Large Bowel Obstruction
Clinical Station (General Surgery)
Scenario
You are the CT1 on call for general surgery. You are asked to see a 70 year old male in A+E with a 2 day history of constipation, abdominal pain and distension. He has a history of previous diverticulitis requiring hospital admission, HTN, IHD.
Observations:
Respiratory rate 19
Oxygen saturation 99% on RA
Heart rate 102 BPM
Blood pressure 125/65 mmHg
Temperature 36.0 C
GCS 15/15
How would you initially assessment this patient?
A-E Approach using CRISP Principles:
Airway:
Ensure patent airway with 15L non-rebreather mask.
Breathing:
Evaluate central trachea, equal chest expansion, and percussion.

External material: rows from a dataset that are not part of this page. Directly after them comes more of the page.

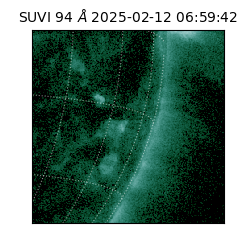 suvi - 2025-02-12T06:59:42.020000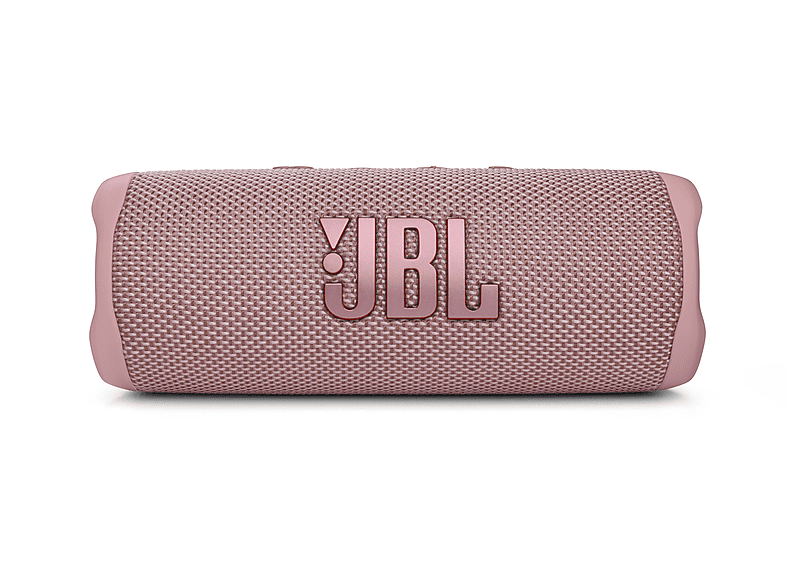 JBL Flip 6 Bluetooth Hoparlör Pembe_2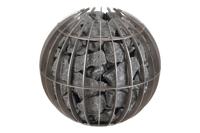 Harvia | Saunakachel Globe GL70E - thumbnail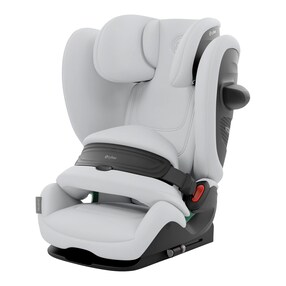 Kindersitz Pallas G3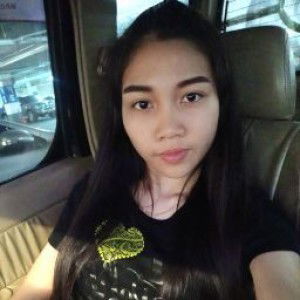 Saranya Trisikkra profile icon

Perform focused respiratory examination
Assess oxygen saturation, respiratory rate
Perform arterial blood gas analysis and CXR if desaturating
Circulation:
Check heart rate, blood pressure, and heart sounds.
Check JVP
Perform ECG as tachycardic
Bloods including FBC, U&Es, LFTs, Clotting and X-match
VBG for lactate (if not performing ABG)
Urine output and fluid chart
Disability:
Assess GCS, glucose levels, and pupil response.
AVPU
Exposure:
Abdominal examination establish whether patient is peritonitic (see below for examination)
PR ?empty rectum
Assess wound
Look for signs of DVT / cellulitis of lines
Escalate as appropriate to seniors following initial A-E assessment
Review history, previous notes, medications and escalate to senior early to inform
What are your differential diagnoses?
Differentials include:
Large bowel obstruction
Small bowel obstruction
Volvulus
Ileus / pseudo-obstruction
Diverticular disease
In this patient the features of absolute constipation, abdominal pain and distension without significant vomiting point towards large bowel obstruction.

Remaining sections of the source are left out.